# Welding a plastic chute



## Sid (Jan 31, 2014)

I have welded [melted] plastic chute like martial before with some success, but nothing as important as a SB plastic chute. I would rather buy a new one, but they are hard to find, and expensive. I use a big electric soldering iron, and strips from black plastic flower pots as filler [everything cleaned up of course]. Does anyone have any better ideas?
Sid


----------



## Shryp (Jan 1, 2011)

This guy has some videos on welding plastic parts.
















I say whatever you do make sure to reinforce it somehow. I remember someone on here mentioning they bent some sheet metal around their chute after it kept cracking and used that to hold it together.


----------



## RedOctobyr (Mar 2, 2014)

I'd be careful about what material you use as a filler. Don't just match the color  If it's a different type of plastic, I'd expect it wouldn't work very well. 

One option would be to sacrifice some small area of the existing chute, and cut off a little piece to use for filler. 

Do you have a picture of the break you're trying to fix? 

One thing to consider is that cracks will always want to continue growing. They end in a stress concentration, which makes the crack keep spreading. A common practice is to drill a small hole right at the end of the crack, at both ends. The radius of the hole will spread out the stress, and often stop the crack from growing. If it were me, and you have a crack like this, I'd drill small holes at each before before trying the repair.


----------



## Sid (Jan 31, 2014)

Yeah I used to do that on crafted engine blocks in order to save them.
Sid


----------



## cdestuck (Jan 20, 2013)

I had a crack in my toro plastic piece that is above the impeller and the chute attached to. Drilled holes at each end of the crack to prevent the crack from spreading and coated with JB Weld. This piece really takes a beating from ice chunks and such as they leave the impeller. This fix didn't last and crack got worse. 

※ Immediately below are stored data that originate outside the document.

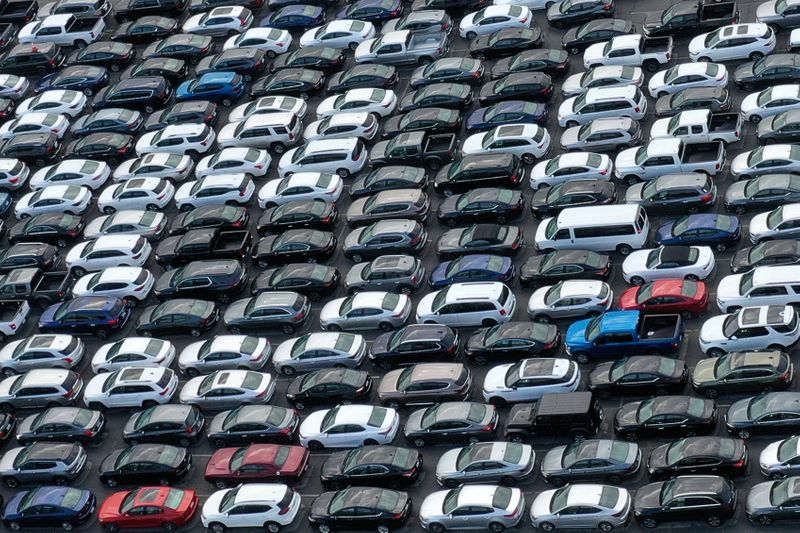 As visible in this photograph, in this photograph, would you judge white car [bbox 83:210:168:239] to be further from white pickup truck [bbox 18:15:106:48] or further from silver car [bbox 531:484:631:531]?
silver car [bbox 531:484:631:531]

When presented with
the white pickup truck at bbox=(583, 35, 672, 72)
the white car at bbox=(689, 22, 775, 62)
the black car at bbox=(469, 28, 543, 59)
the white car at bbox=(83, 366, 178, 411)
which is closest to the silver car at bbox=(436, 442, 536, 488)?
the white car at bbox=(83, 366, 178, 411)

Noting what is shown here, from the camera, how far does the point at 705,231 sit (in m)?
50.4

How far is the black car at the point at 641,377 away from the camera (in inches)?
1775

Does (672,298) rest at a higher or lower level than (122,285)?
higher

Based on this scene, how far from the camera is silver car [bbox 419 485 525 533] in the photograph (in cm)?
4231

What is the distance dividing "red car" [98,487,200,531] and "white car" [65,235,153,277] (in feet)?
44.8

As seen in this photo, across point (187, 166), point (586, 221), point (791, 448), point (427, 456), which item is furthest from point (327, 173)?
point (791, 448)

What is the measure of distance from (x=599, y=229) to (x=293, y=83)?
63.9 ft

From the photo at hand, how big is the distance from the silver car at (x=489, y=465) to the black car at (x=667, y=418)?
10.3 ft

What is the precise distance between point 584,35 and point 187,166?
18.6 meters

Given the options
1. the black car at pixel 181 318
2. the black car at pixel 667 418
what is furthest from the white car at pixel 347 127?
the black car at pixel 667 418

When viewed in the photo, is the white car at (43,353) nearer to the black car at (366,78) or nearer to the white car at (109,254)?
the white car at (109,254)

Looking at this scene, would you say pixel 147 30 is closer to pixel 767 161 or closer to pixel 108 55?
pixel 108 55

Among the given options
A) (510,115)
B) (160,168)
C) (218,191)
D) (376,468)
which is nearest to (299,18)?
(160,168)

So I made a paper pattern to cover the crack and extend out on the good plastic area. I then transferred the pattern onto a piece of sheet metal. Metal was from Lowes, a piece of duct pipe. after cutting the sheet metal piece out I then pop riveted it with several rivits onto the plastic and has held up great


----------



## HCBPH (Mar 8, 2011)

*Plastic repairs*

There are kits out for repairing plastic auto bumpers along with hard interior parts. Might work but haven't tried it.


----------



## Spectrum (Jan 6, 2013)

I have a friend who's Craftsman plastic chute failed. I gave hum an extra steel Gilson chute that he transplanted onto his base it's going strong. Anything with the right base diameter may be a transplant candidate.


----------



## Sid (Jan 31, 2014)

Thanks for some very good replies. When I start this job in a few weeks I will keep you guys posted.
Sid


----------